Iran's ethnic conflict

In light of Sunday's suicide bombing that killed five senior Iranian Revolutionary Guards Council members, Time Magazine looks at the problem that really keeps the Mullahs up at night: Ethnic conflict.
For Iran, the hard truth is that ethnic Persians make up only 51% of the population. The rest of the country is a mishmash of ethnic minorities, various religions, Muslim sects and semi-nomadic tribes. None has been entirely happy living under the mullahs' Shi'ite theocracy, especially Iran's Sunni citizens, which make up 9% of the population and include most of the Baluch. Iran's minorities have been susceptible to outside influences, but rarely have they felt strong enough to take on Tehran — which fears that that could change with the chaos at its borders. If, for instance, the U.S. were to suddenly pick up and leave Afghanistan, would the new Taliban government resist backing Jundallah? Or if Pakistan fails to subdue the tribal areas and its own Taliban, would this encourage Jundallah?
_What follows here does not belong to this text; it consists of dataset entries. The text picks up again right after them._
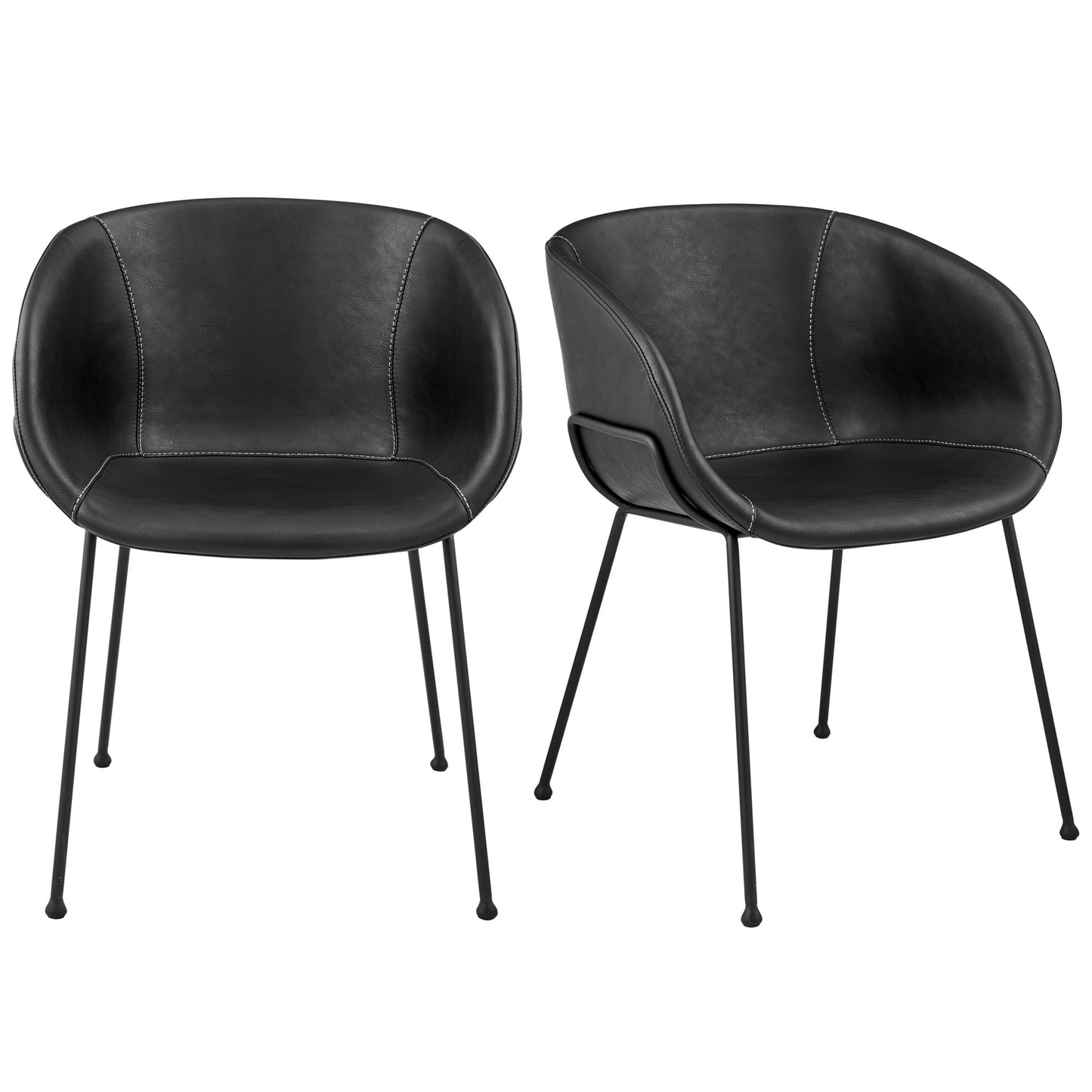 Black Faux Leather Dining Chairs - Set of 2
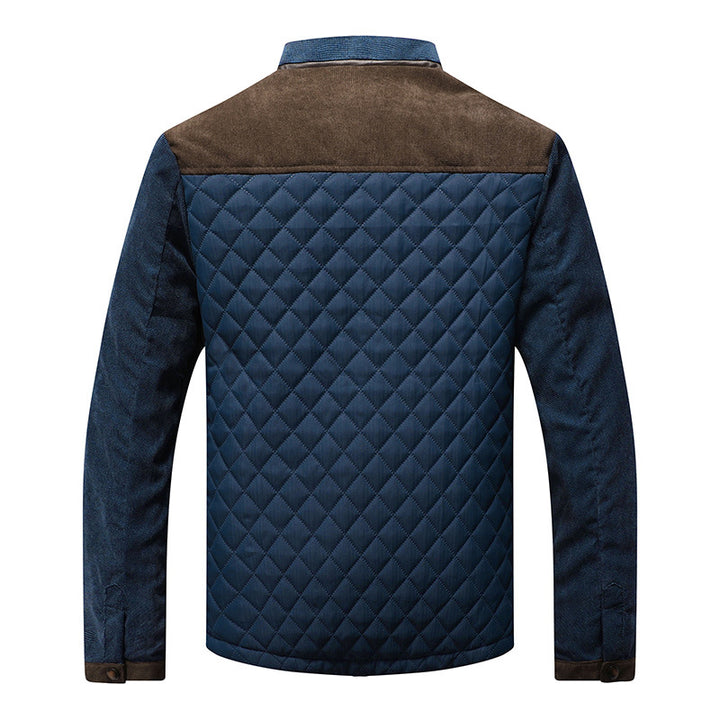 Men's Padded Diamond Quilted Jacket with Stand-Up Collar and Contrast Trimming Mune Fashion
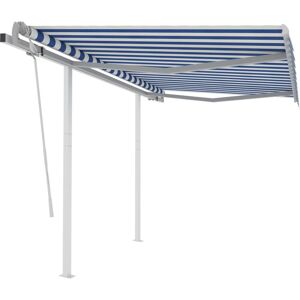 Manual Retractable Awning with Posts 3.5x2.5 m Blue and White - Royalton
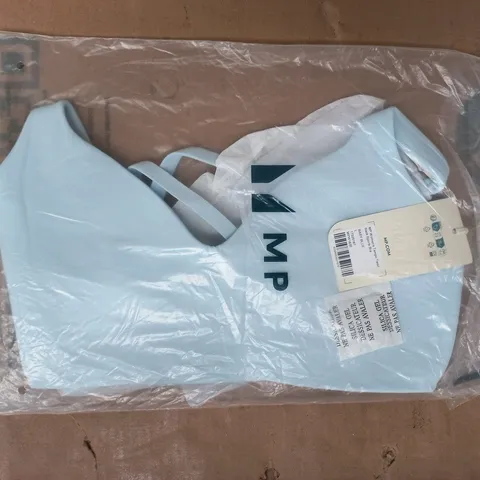 BAGGED MP WOMEN'S TEMPO TWIST BACK SPORTS BRA IN BABY BLUE SIZE LARGE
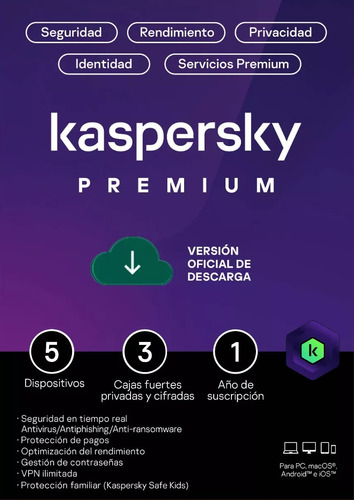 Licencia Kaspersky Total Security 5 Equipos 1 Año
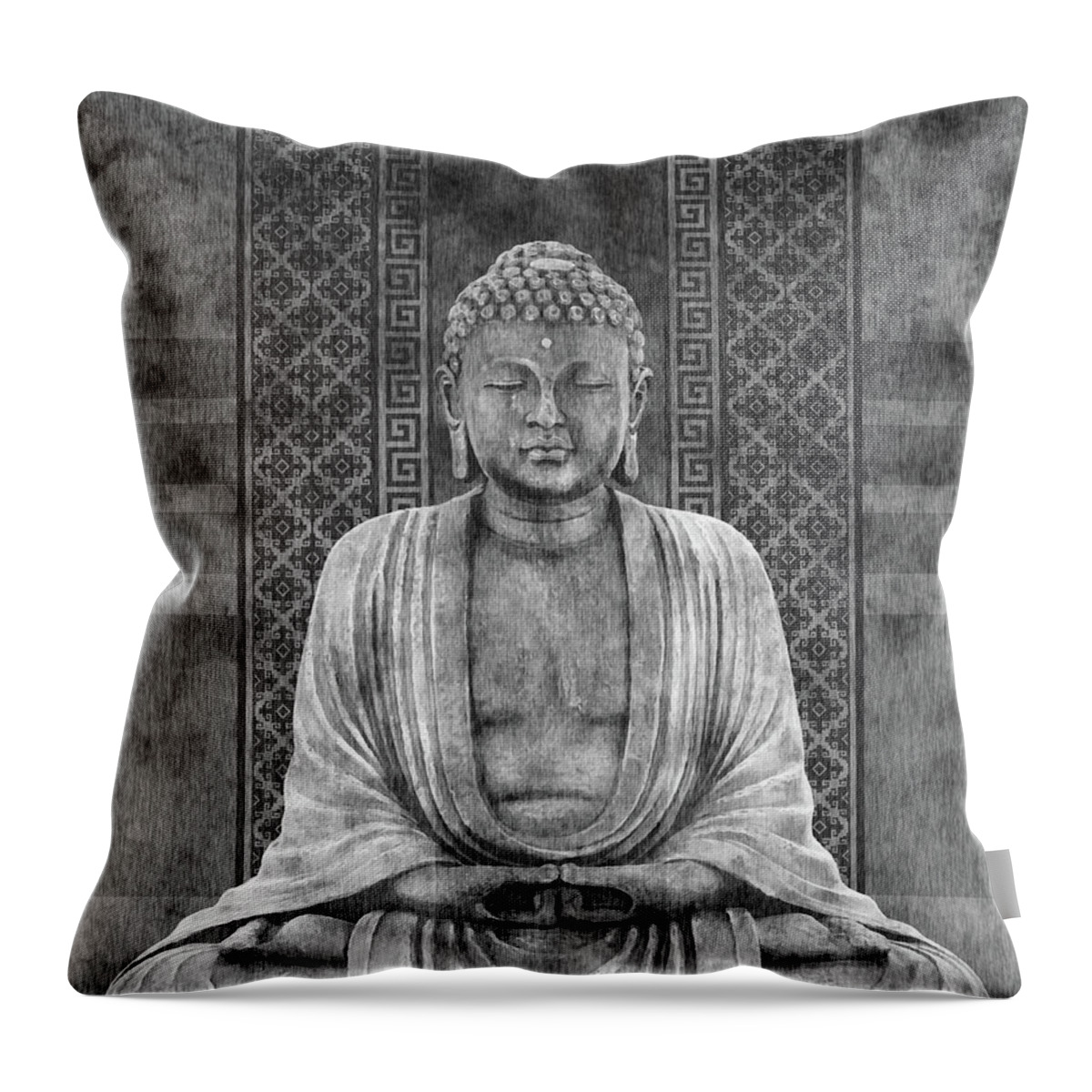 Buddha Throw Pillow featuring the mixed media Dhyana - Buddha in Meditation 03 by Studio Grafiikka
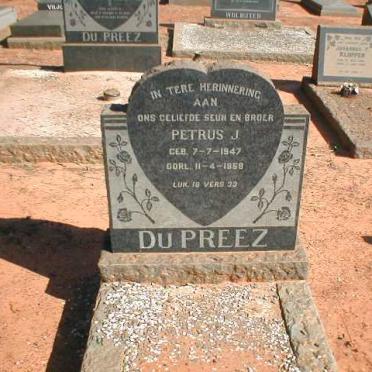 PREEZ Petrus J., du 1947-1958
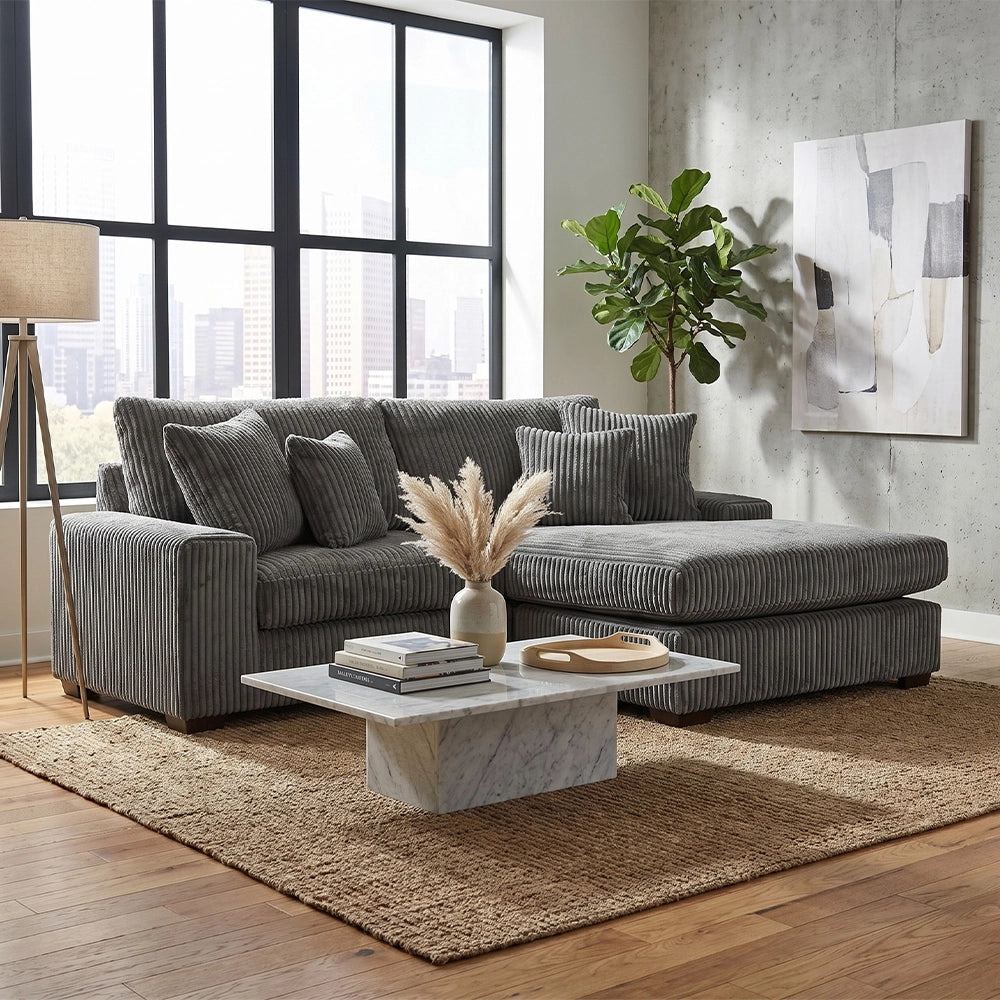Linx Modern 2 PC Modular Sectional with Chaise and Accent Pillows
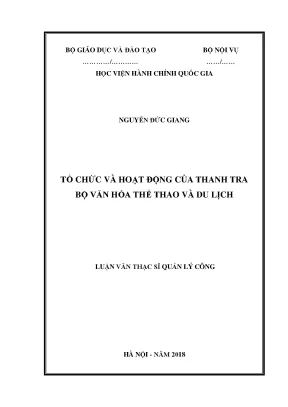 Luận văn tổ chức hoạt động của thanh tra bộ văn hóa thể thao và du lịch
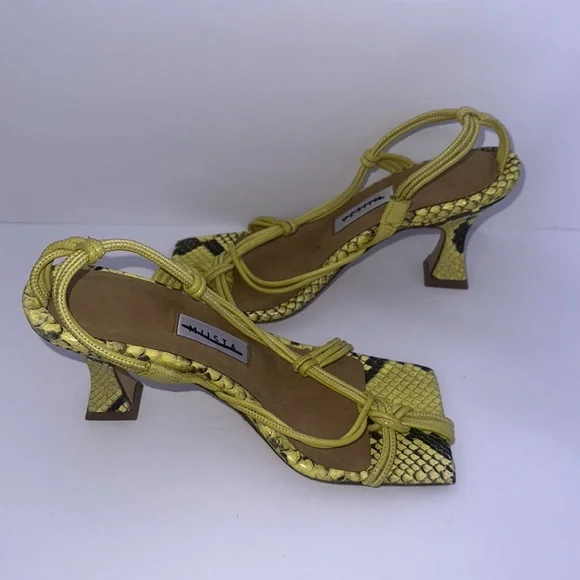 Miista Yellow Snake Animal Print Amy Sandals, New, Size 35 - Picture 6 of 10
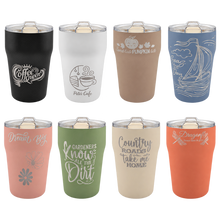Load image into Gallery viewer, Engraved Christmas Tumbler, 13 oz Polar Camel Ceramic-Lined Coffee Cup with Slider Lid, 25 Holiday Designs, 8 Colors Personalized Engraving Gifts shipped from USA.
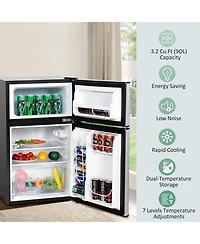 Sugift 3.2 cu ft Compact Stainless Steel Refrigerator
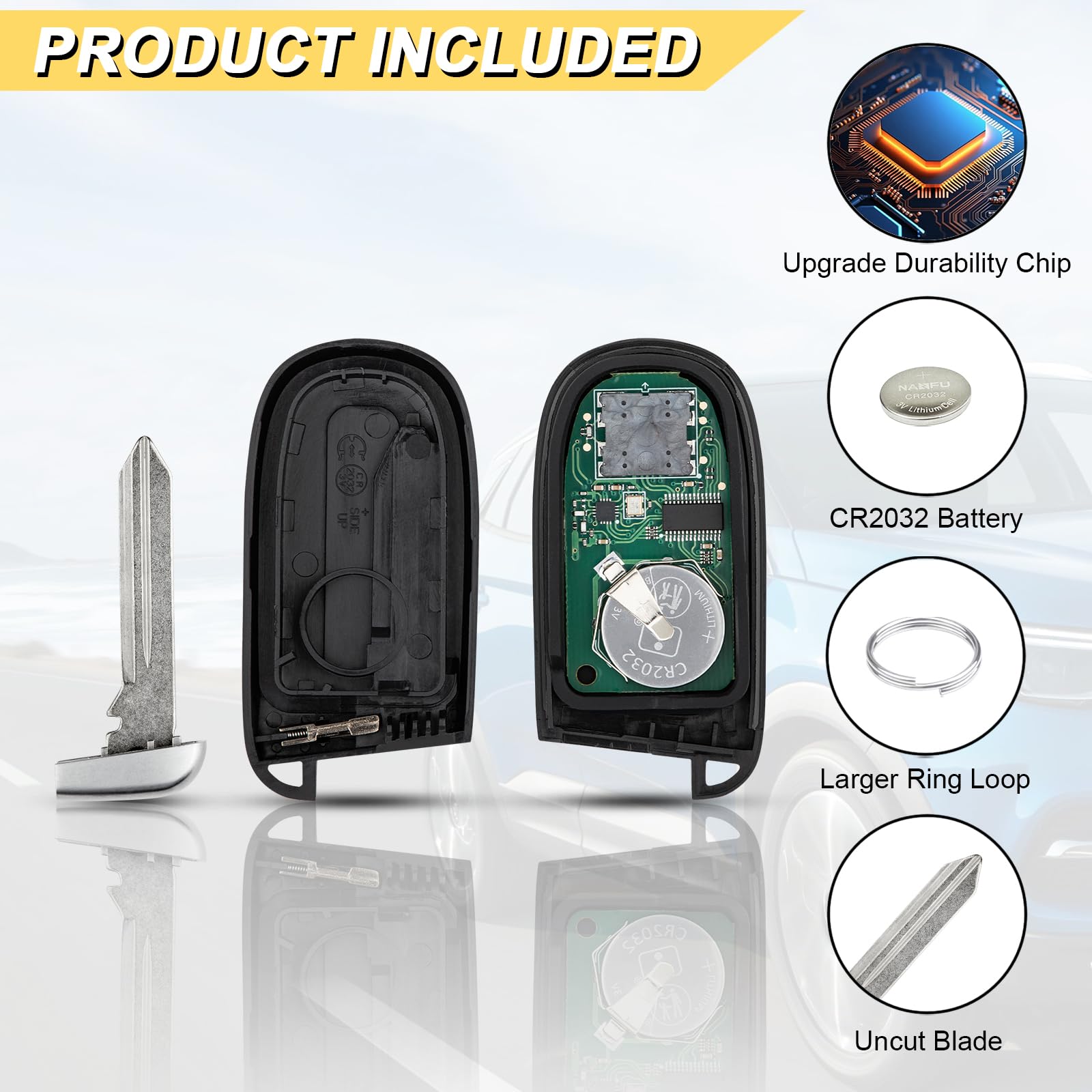 Vurkcy Key Fob Replacement For 2013-2018 Dodge Ram 1500 2500 3500 Car Keyless Entry Remote Control, Gq4-54T Gq454T, 4 Buttons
Tehran is obviously worried that it has a problem with or without a failure in Pakistan or Afghanistan. The five senior Revolutionary Guards officers killed on Sunday were on their way to a meeting with local tribal chiefs to talk about containing Shi'ite-Sunni violence in their province, and the agenda no doubt included what to do about Jundallah.

In that sense, ironically, Tehran is right that its security really does rest with Pakistan and the U.S. A catastrophic failure on their parts would create a threat that would take Iran many years to overcome.
Hmmm. If only we had people in Washington who were clever enough to parlay Iran's need for American protection in Afghanistan into some concessions on the nuclear program and a stop to terrorism.


At 1:23 AM, Blogger NormanF said...

Washington could take advantage of Iran's weaknesses if it wanted to do so. Either by fomenting internal unrest in Iran or by offering to trade security guarantees in eastern Iran in exchange for Iranian concessions on its nuclear program. Its the one form of pressure that might have results.

The problem is Obama wants to be seen as a nice guy. And the mullahs don't take him very seriously.